#### INSTRUCTIONS FOR THE TASK:
What you give back from the listing below should be an exact copy of the lines from the one with "Field Hockey Breast" down to the one with "MIRCHI FASHION Saree", and it should contain no pictures.

#### RECORDS PROVIDED:
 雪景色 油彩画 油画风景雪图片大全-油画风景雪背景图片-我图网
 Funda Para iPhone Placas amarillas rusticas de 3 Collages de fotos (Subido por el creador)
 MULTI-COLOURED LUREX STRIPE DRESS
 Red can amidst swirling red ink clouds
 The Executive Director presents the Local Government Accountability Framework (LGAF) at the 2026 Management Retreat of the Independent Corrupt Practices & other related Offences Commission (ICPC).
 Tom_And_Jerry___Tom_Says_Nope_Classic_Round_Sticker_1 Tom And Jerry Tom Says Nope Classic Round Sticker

* * *

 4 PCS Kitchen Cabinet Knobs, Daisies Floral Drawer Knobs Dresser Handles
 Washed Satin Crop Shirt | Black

--

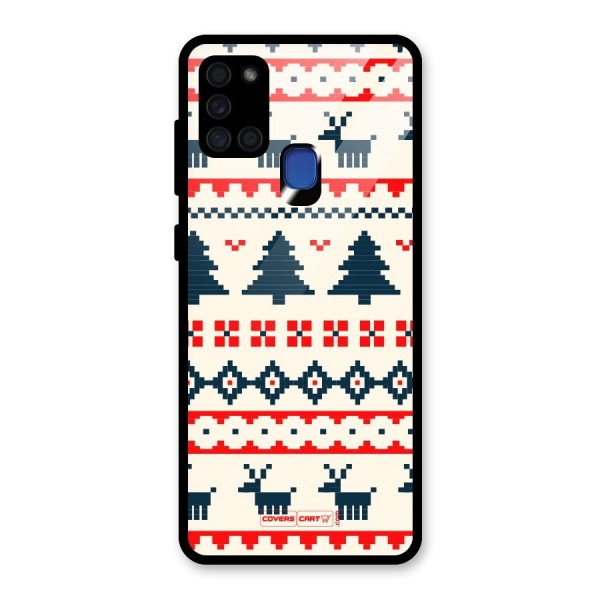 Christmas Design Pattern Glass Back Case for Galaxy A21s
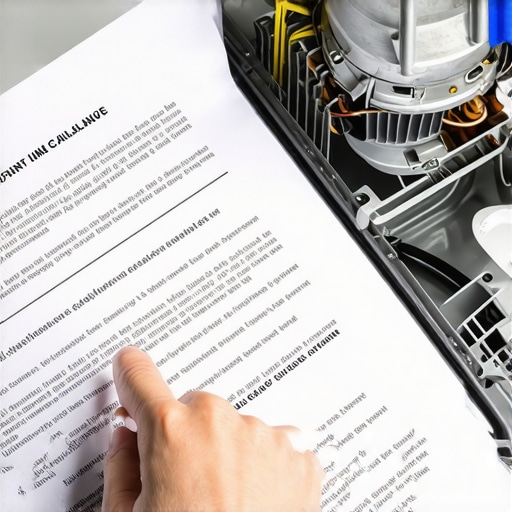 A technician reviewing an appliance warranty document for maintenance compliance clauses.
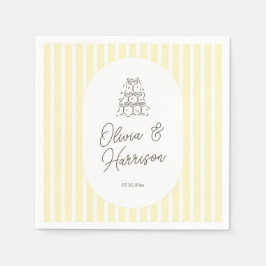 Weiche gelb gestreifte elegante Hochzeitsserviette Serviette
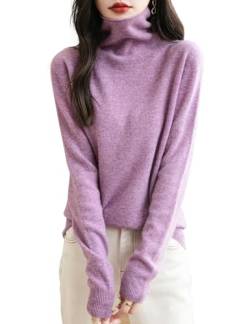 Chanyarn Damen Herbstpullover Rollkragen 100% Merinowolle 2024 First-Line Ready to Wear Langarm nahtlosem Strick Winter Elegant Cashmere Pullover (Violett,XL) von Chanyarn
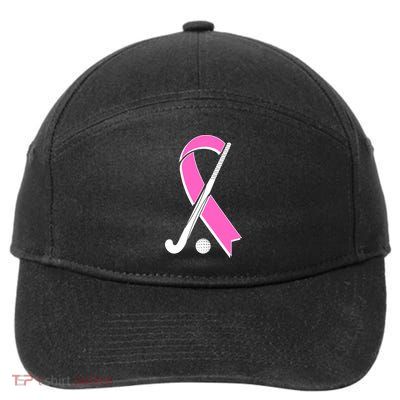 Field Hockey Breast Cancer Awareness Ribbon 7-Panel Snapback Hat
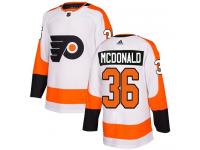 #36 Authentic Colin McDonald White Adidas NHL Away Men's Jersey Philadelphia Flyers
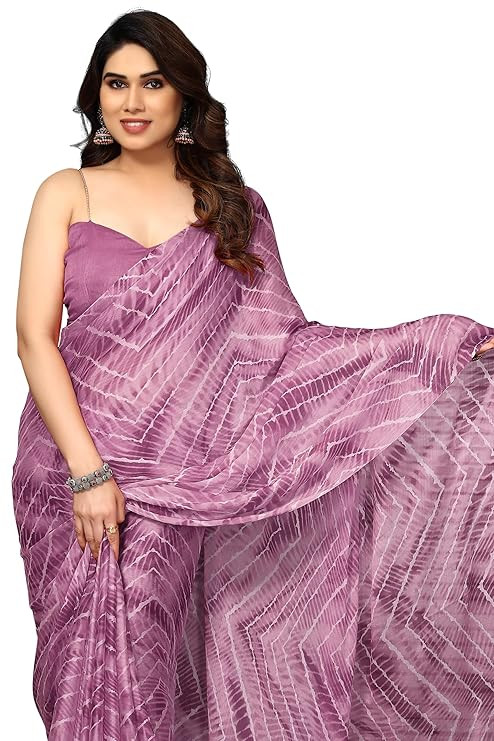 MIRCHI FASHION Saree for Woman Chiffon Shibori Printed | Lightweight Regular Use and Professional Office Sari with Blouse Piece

#### SOLUTION TO THIS TASK:
 Field Hockey Breast Cancer Awareness Ribbon 7-Panel Snapback Hat
 #36 Authentic Colin McDonald White Adidas NHL Away Men's Jersey Philadelphia Flyers
 MIRCHI FASHION Saree for Woman Chiffon Shibori Printed | Lightweight Regular Use and Professional Office Sari with Blouse Piece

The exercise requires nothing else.